Task details => The material below holds pictures; leave them out and reproduce exactly the lines from the one with "Treatment of a" through the one with "a bench with", inclusive.

Exercise data =>
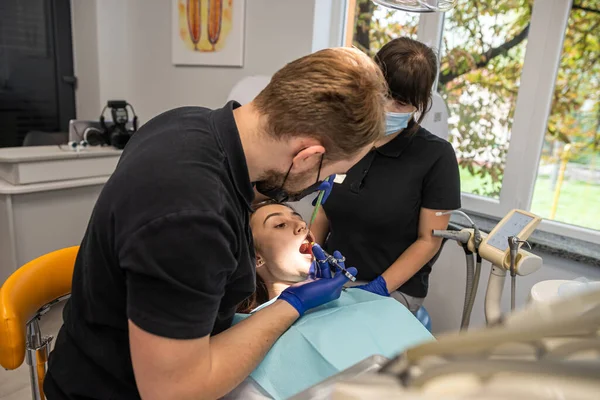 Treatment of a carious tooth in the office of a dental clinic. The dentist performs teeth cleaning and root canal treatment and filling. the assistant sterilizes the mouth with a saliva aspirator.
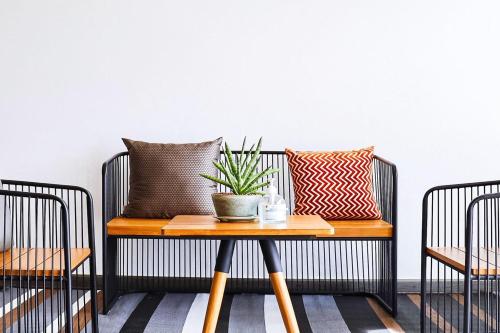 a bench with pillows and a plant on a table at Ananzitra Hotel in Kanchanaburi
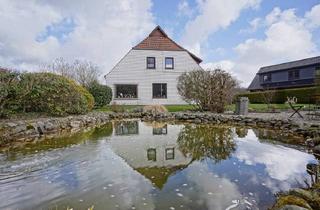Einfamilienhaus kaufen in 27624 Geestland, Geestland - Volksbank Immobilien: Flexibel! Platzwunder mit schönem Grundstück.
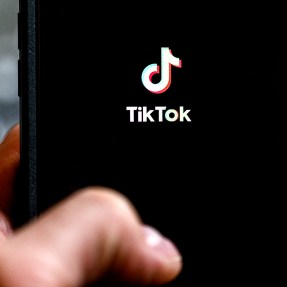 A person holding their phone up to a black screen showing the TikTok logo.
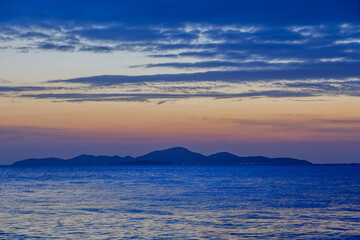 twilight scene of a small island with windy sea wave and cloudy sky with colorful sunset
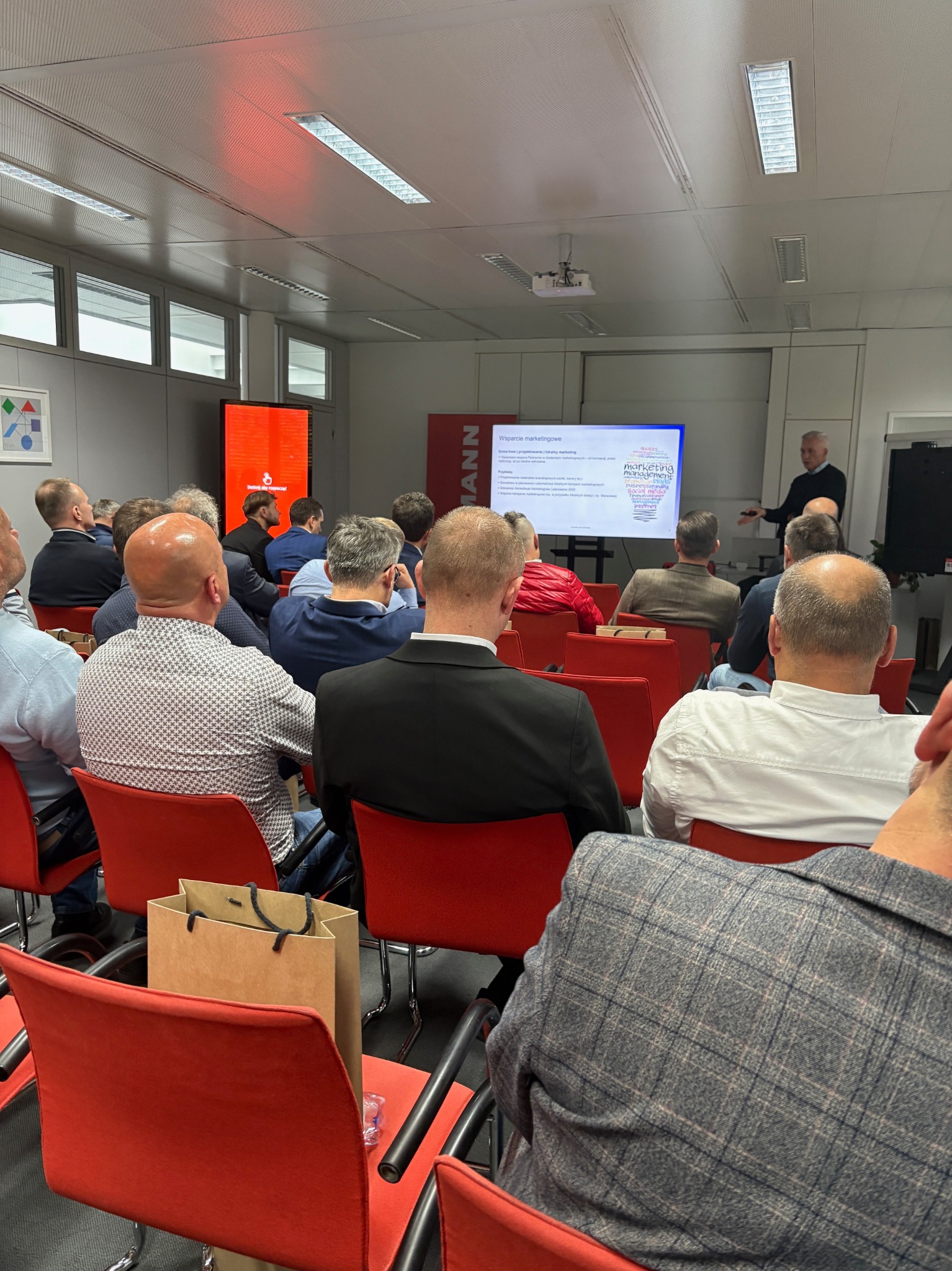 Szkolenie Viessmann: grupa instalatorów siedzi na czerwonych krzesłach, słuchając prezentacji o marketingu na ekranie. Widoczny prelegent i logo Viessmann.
...
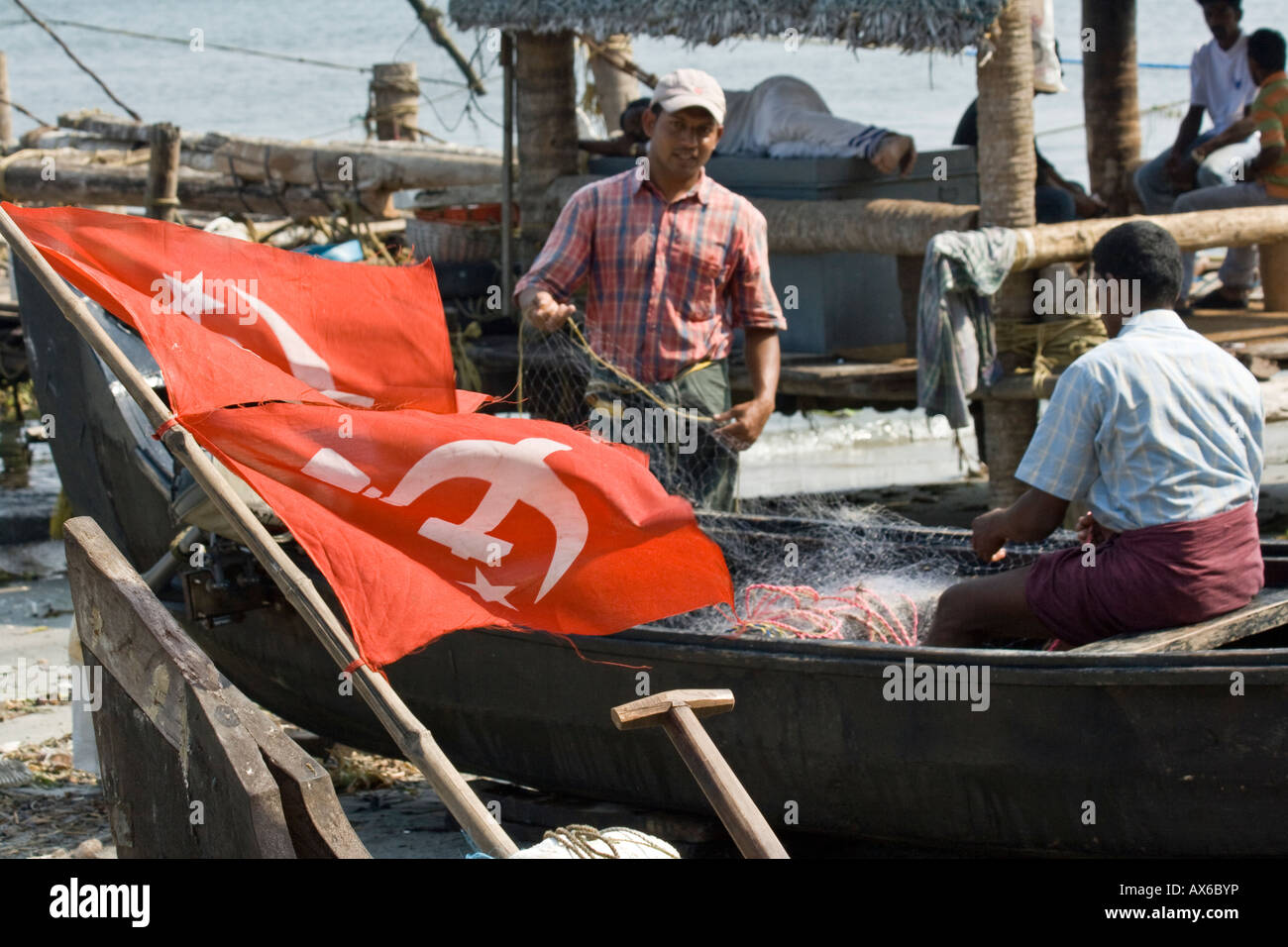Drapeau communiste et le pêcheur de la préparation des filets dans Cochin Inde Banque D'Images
* * *
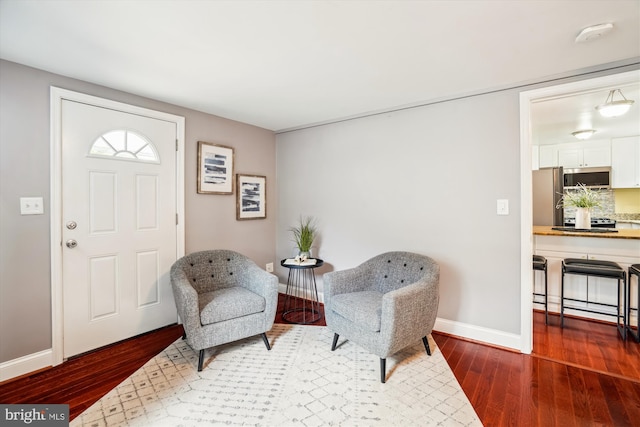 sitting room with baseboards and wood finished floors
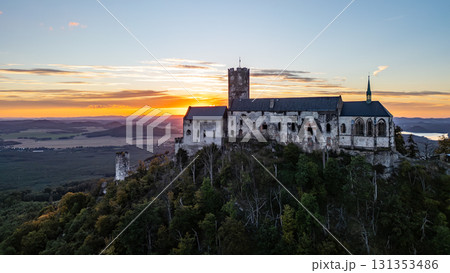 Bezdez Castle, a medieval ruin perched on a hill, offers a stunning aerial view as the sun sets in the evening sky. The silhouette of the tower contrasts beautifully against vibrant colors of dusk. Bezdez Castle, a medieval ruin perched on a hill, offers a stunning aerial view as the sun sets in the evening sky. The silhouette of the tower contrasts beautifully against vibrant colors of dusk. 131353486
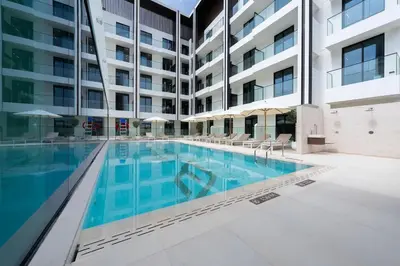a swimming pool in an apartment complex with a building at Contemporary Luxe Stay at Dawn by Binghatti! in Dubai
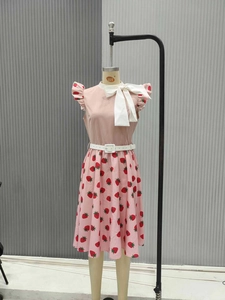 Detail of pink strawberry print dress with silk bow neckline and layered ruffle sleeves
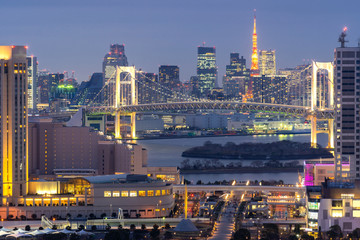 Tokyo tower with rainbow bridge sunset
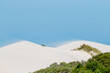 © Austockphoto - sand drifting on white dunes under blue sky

Your response =>
 Treatment of a carious tooth in the office of a dental clinic. The dentist performs teeth cleaning and root canal treatment and filling. the assistant sterilizes the mouth with a saliva aspirator.
 a bench with pillows and a plant on a table at Ananzitra Hotel in Kanchanaburi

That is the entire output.